Нет, Катерина Ивановна сыграна была в спектакле точно, без единого фальшивого звука. О. В. Гзовская, превосходная актриса комедии, мастер тонкого, «кружевного» рисунка, была в этой роли как бы внутренне взрывчата, остра по темпераменту, особенно в сцене суда, где Катерина Ивановна идет, как говорится, ва-банк, вызволяя из беды Ивана ценой гибели того человека, в любви к которому клялась. Ведь губит Митю именно Катерина Ивановна, хотя знает, чувствует, что не таков человек, чтоб с расчетом убить отца и украсть три тысячи, что в чем угодно, только не в этом проявляется вторая «бездна» его. Кстати, в сцене суда особенно чувствовалось «расстояние» между Грушенькой, духовно выросшей, сбросившей пестрый покров «инфернальности», и этой холодной красавицей, о которой говорит та же Грушенька: «Эх, Митя! Погубила тебя твоя змея».

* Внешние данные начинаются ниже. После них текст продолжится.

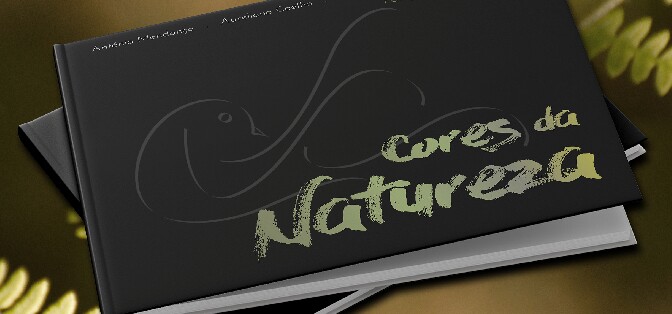 Apresentação do livro “Cores da Natureza - Fotografia de Aves”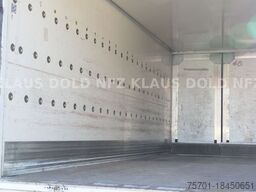 SPIER AGL 290 Koffer 47m³ Durchladeeinrichtung LBW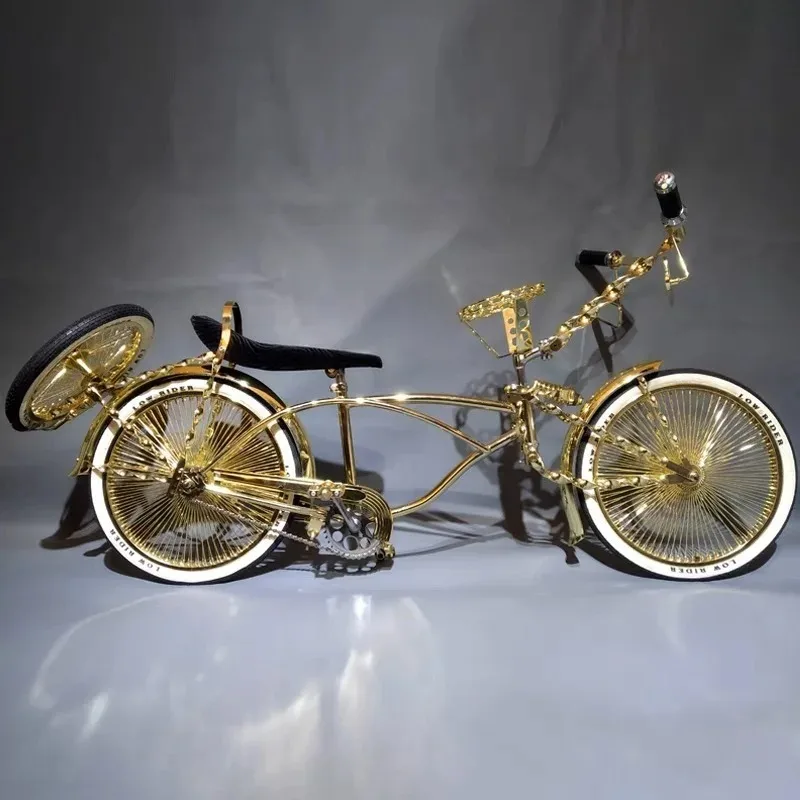 2026 Low Rider Retro Bike West Coast Chicano Bike Personality Bike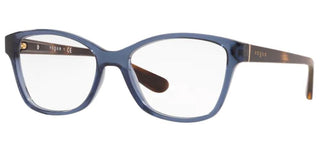 Vogue VO 2998 women Blue Geometric Eyeglasses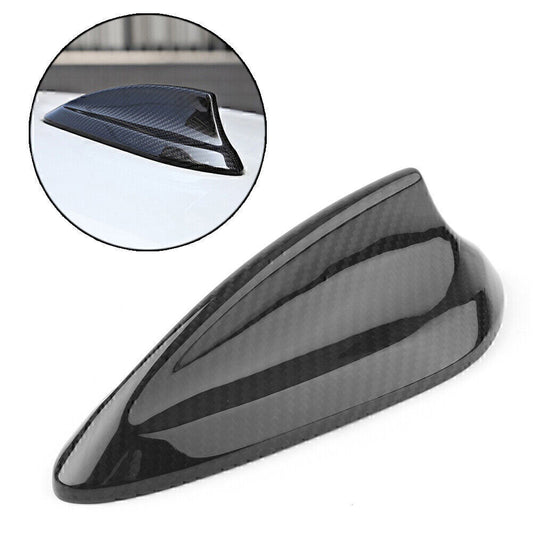 Carbon Fiber Shark fin Antenna cover Trim fit for BMW F15 F26 F20 F21 F16 F85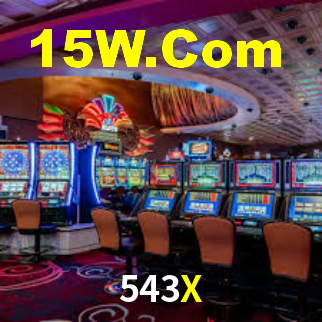 543X.Com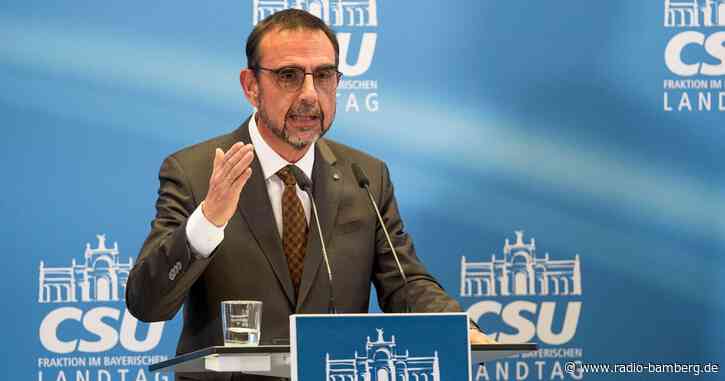 Holetschek will Modellregionen für Bürokratieabbau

В игре Гзовской не было красок трагедии, да они и не требовались по замыслу роли. Но Катерина Ивановна — барышня, белоручка, брезгливо презирающая в душе и «распутную» Грушеньку и погрязшего в страстях Дмитрия, — сыграна была актрисой с гневной и сдержанной силой.

Отчего не принимали эту Катерину Ивановну современники? Было много причин тому. И то, что у Гзовской была репутация актрисы комедии, и то, что в образе, ею созданном, точно так же как в образе Грушеньки, было мало надломленности и истерики (этого требовали общие здоровые основы спектакля), и то, наконец, что театр двигался к сути образов, минуя их внешнее, поверхностное, отбрасывая многое из того, что путает, мешает карты, заставляет белое мистификаторски обертываться черным, а черное — белым. Катерина Ивановна в «Братьях Карамазовых» написана так, что иным любителям путаных душ она может хоть на час показаться героиней. Катерина Ивановна театра — меньше всего героиня. Тем самым, быть может, кое-что упростилось в образе (отнюдь, впрочем, не примитивном в спектакле), зато ясной стала заложенная в нем мысль.

Иначе говоря, и в женских образах так же, как и во всем спектакле, присутствовала тенденция в самом лучшем, положительном смысле слова. В сложной психологической ткани романа театр нащупывал темы, близкие ему социально и человечески, и насыщал ими свой спектакль.